Der Tag, der alles veränderte - Amy Wallace

  • Sein schlimmster Alptraum war Wirklichkeit geworden. (Seite 138)


    320 Seiten, kartoniert
    Originaltitel: Ransomed Dreams
    Aus dem Amerikanischen von Silvia Lutz
    Verlag: Verlag der Francke Buchhandlung GmbH, Marburg 2009
    ISBN-10: 3-86827-091-4
    ISBN-13: 978-3-86827-091-4


    Serie „Defender of Hope“
    - Der Tag, der alles veränderte

    - Die Stunden, die zählen >Rezi-Thread<
    - Im Hauch eines Augenblicks >Rezi-Thread<




    Zum Inhalt (Quelle: Buchrückentext mit eigener Berichtigung und Ergänzung)

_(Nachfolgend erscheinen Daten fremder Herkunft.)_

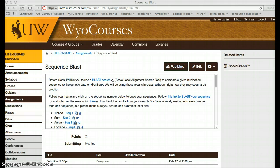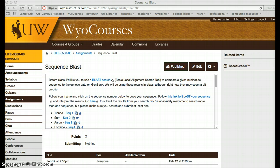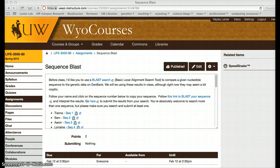In this case, we're going to be using the database that the National Centers for Biotechnology Information has, so it's GenBank, and that is a place where all researchers who publish scientific papers have to deposit their data. So basically, this is one of the most comprehensive databases of nucleotide data and sequence data there is.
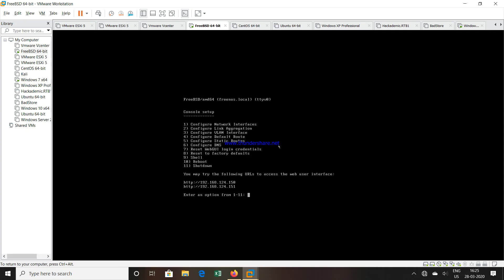Hello friends, in this video we are going to learn about the NAS device: how to create a volume inside a NAS device, then inside that volume how you can create an NFS share or a CIFS share for Windows, and then how to use or mount that NFS share inside a Windows machine.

    Gracie Lang hat durch die Tat eines betrunkenen Autofahrers ihre beiden Kinder und ihren Mann verloren. Nun kennt sie nur noch ein Ziel: den Autofahrer, der ihre Familie auf dem Gewissen hat, aufzuspüren und hinter Gitter zu bringen.
    Eines Tages macht sie die Bekanntschaft von Steven Kessler, einem FBI-Agenten, der den Glauben an Gott weitgehend verloren hat. Er hat den Auftrag, eine internationale Verschwörung aufzudecken. Die Tochter des britischen Botschafters ist entführt worden und ein Wettlauf gegen die Zeit beginnt.
    Steven weckt in Gracie die Hoffnung auf ein Leben, wie sie es sich immer gewünscht hat. Aber sein Fall und ihre Vergangenheit sind auf gefährliche Weise miteinander verbunden - und plötzlich ist Gracie in Gefahr. Sie muß sich entscheiden: Kann sie - will sie - ihr altes Leben hinter sich lassen, um die Chance auf einen Neuanfang zu gewinnen?




    Über die Autorin (Quelle: Angabe im Buch, Homepages der Autorin und des Originalverlags, Interview)

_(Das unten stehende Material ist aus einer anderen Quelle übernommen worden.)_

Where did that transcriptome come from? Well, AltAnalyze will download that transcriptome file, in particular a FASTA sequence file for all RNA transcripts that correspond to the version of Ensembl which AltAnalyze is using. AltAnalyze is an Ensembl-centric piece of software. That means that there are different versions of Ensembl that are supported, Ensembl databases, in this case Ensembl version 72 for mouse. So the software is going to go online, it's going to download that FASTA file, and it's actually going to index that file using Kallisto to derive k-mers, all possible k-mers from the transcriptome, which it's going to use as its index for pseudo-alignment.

    Amy Wallace stammt aus Kentucky. Ihr Vater war bei der US-Army, weswegen sie oft umziehen mußte. Dadurch lebte sie in ihrer Kindheit auch in München und (West-) Berlin (näheres in dem verlinkten Interview). Sie ist Absolventin einer Polizeiakademie und noch immer als Beraterin für die Polizei tätig. Mit ihrem Mann und ihren drei Kindern lebt sie in Atlanta.


    - < Klick > - die Website der Autorin (in englischer Sprache)
    - < Klick > - die Website zur Buchserie (in englischer Sprache=
    - < Klick > - ein Interview zu diesem Buch (in englischer Srpache)
    - < Klick > - die Übersichtsseite beim Originalverlag Waterbook (in englischer Sprache)



    Vorbemerkungen
    - Um Mißverständnisse zu vermeiden: Das ist ein christliches Buch. Wenn ich Formulierungen wie „wir“ verwende, beziehen sich diese nicht auf die Gesamtgesellschaft, sondern ausschließlich auf den christlich geprägten Teil, dem ich mich zugehörig fühle. Es braucht sich außerhalb dessen also niemand angesprochen zu fühlen.
    - Die Einordnung in ein Genre ist bei diesem Buch sehr schwierig; es zählt eindeutig zu dem, was etwa in den USA „Christian Fiction“ genannt wird. Da es hier eine solche Rubrik nicht gibt, habe ich „Krimi/Thriller“ gewählt, weil das dem Inhalt mMn am nächsten kommt.




    Meine Meinung


    Handle gerecht, sei barmherzig. (Seite 273)
    Mit den beiden Zitaten ist ein weiter Bogen gespannt, eine Richtung vorgeben, ein schmerzhafter Weg vorgezeichnet. Ein Weg, an dessen Ende vieles, das meiste, anders ist als zu Beginn zu erhoffen oder zu erwarten war. Dabei wird schon im Prolog der wohl schlimmste Alptraum vieler Menschen zur brutalen Wirklichkeit: ein betrunkener Autofahrer löscht Gracies Famile aus. Ihr Mann und die zwei Kinder - tot. Der Täter begeht Fahrerflucht und wird nie gefunden.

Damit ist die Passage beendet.